◆ **Task statement**:
From the first line to the last, restate the data exactly, leaving out the images.

◆ **Provided data**:
···

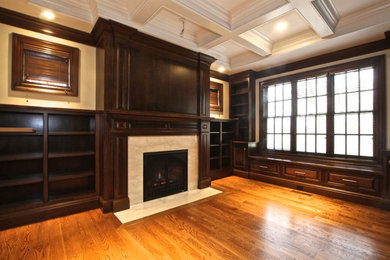 Imagen de despacho clásico con paredes beige, suelo de madera clara y todas las chimeneas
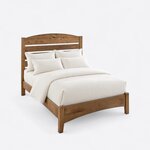 High angled view of a modern slat bed, looking down on the arched slatted headboard and a low footboard with a curved apron.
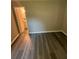 Bedroom with gray plank flooring, base molding and an electrical outlet in the background at 3730 Clovis Nw Ct, Atlanta, GA 30331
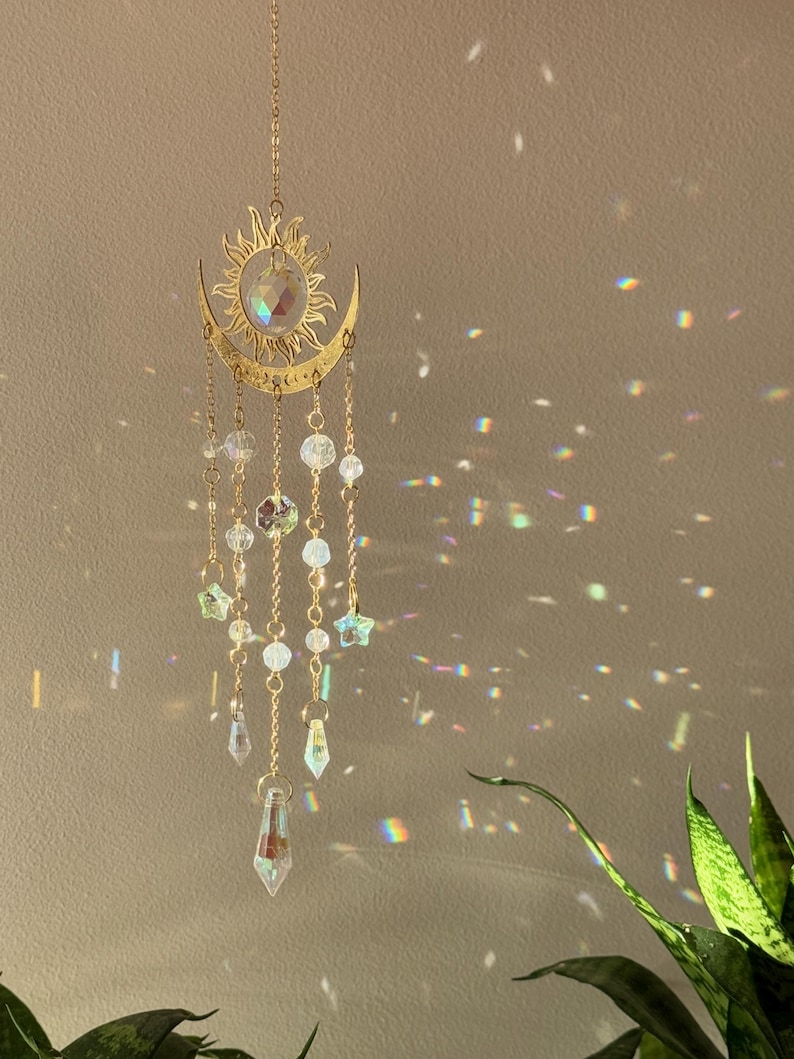 Puede incluir: Un atrapasoles de tem&aacute;tica celestial con un dise&ntilde;o de sol y luna creciente en color dorado. Cuentas de cristal transparente y adornos en forma de estrella cuelgan del sol y la luna. El atrapasoles est&aacute; suspendido por una delicada cadena, creando un efecto decorativo y et&eacute;reo.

···

◆ **Response**:
 Imagen de despacho clásico con paredes beige, suelo de madera clara y todas las chimeneas
 High angled view of a modern slat bed, looking down on the arched slatted headboard and a low footboard with a curved apron.
 Bedroom with gray plank flooring, base molding and an electrical outlet in the background at 3730 Clovis Nw Ct, Atlanta, GA 30331
 Puede incluir: Un atrapasoles de tem&aacute;tica celestial con un dise&ntilde;o de sol y luna creciente en color dorado. Cuentas de cristal transparente y adornos en forma de estrella cuelgan del sol y la luna. El atrapasoles est&aacute; suspendido por una delicada cadena, creando un efecto decorativo y et&eacute;reo.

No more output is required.